Every Sunday we go to my husband’s grandmother’s house for dinner. On an average week 15 people show up, but if everyone happens to be there we cram 30 people into her living and dining rooms. On those weeks we hope for good weather so the kids can go outside instead of playing tackle football at our feet. There is always cake, because it is always someone’s birthday. Through marriage I’ve gained entry into an extremely close knit family, practically an amoeba that absorbs new members like they’ve always been there. My own grandparents have been gone for quite some time, and it’s nice, albeit a little strange, to once again receive cards signed “grandmom and grandpop.”
By contrast, my family appears a bit aloof. We don’t get together often, and when we do there are generally a lot of introductions that go something like “Hi, I’m soandso, I think I’m your cousin.” Some of it is due to the huge age spread within each generation. My grandmother had 7 children over about 30 years. I’ve got cousins in high school and cousins with grandchildren. The sheer size of the family makes it hard to keep up with everyone, and we don’t all live in a concentrated area like my husband’s family does. Our families are very different creatures, and when my husband and I first got together I started to feel very sad that my own extended family didn’t look like his. After a wake this past weekend where I saw uncles and first cousins I hadn’t seen in 20 years I spent a lot of time thinking about why we’re so distant.
My family is like the elephant in the story of the blind men and the elephant. It’s so big that no one person can really get the full picture of what’s going on. We can only see a small part at a time, and make conclusions based on that. For a long time, I believed my uncle destroyed my family.
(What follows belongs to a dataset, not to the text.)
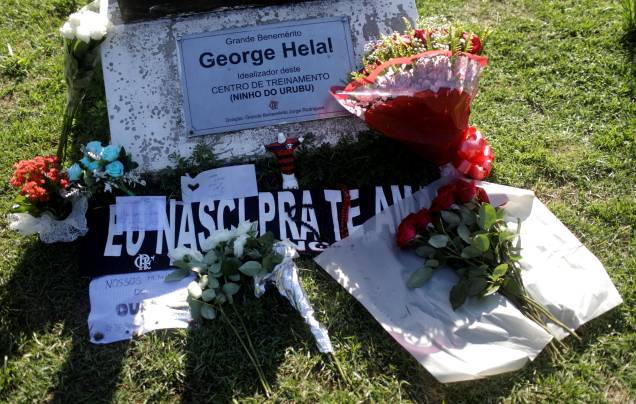 Homenagens com flores e faixas são deixadas em frente ao CT Ninho do Urubu, do Flamengo, em solidariedade às vítimas - 09/02/2019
When I was younger, in grade school, I remember getting together at my uncle’s house for holidays. There was croquet and billiards and a big dinner around a huge dining room table. In the mid-nineties my aunt died, and I don’t remember many regular family parties after that. My uncle fell apart after his wife died, and from my perspective as a 12 year old, the family fell apart with it. Family gatherings, when they happened, were tense. If my uncle wasn’t there, his absence was noted and mourned. If he was there, his drinking made him unpredictable and sometimes scary. I watched my dad repeatedly struggle to bring my uncle back to reality, only to have it fail catastrophically every time. Eventually my uncle became “my estranged uncle,” and remained so for another twenty years. I saw the family less and less as I started my career and family.
My uncle passed away recently, and our loosely assembled family coalesced for his wake. At first it was pretty awkward, and I tried to figure out how to introduce my husband to a cousin when I was only 50% sure of their name. I was embarrassed that I could name my husband’s family members more readily than my own. But once people got past the obligatory “I haven’t seen you since you were this big,” I could start to see that we were still a family, even if we weren’t so closely knit as others. Not everyone had a bond with everyone else, but there were threads of connection running all around the room that held us together. There was something there, even if it wasn’t as picturesque as Sunday dinners at grandmom’s. There was laughter, and shared memories, and the occasional surprising discovery of things we didn’t know we had in common.
I now understand that it takes more than one broken man to destroy a family. Even weird families like mine are made of tougher stuff than that. We may never fully clean up the damage left in my uncle’s wake, but we’re not dead yet either. Although we’ll probably never all be in one place again, or function as a singular amoeba-like entity, we can strengthen the individual links between people. We can move forward, and try to heal as we go. We can become friends on Facebook and ‘like’ each other’s photos, celebrate our successes and offer sympathy for our failures. We may always be a little awkward, and that’s OK. At my uncle’s wake I finally learned to stop resenting my family for what it wasn’t, and love it for what it is.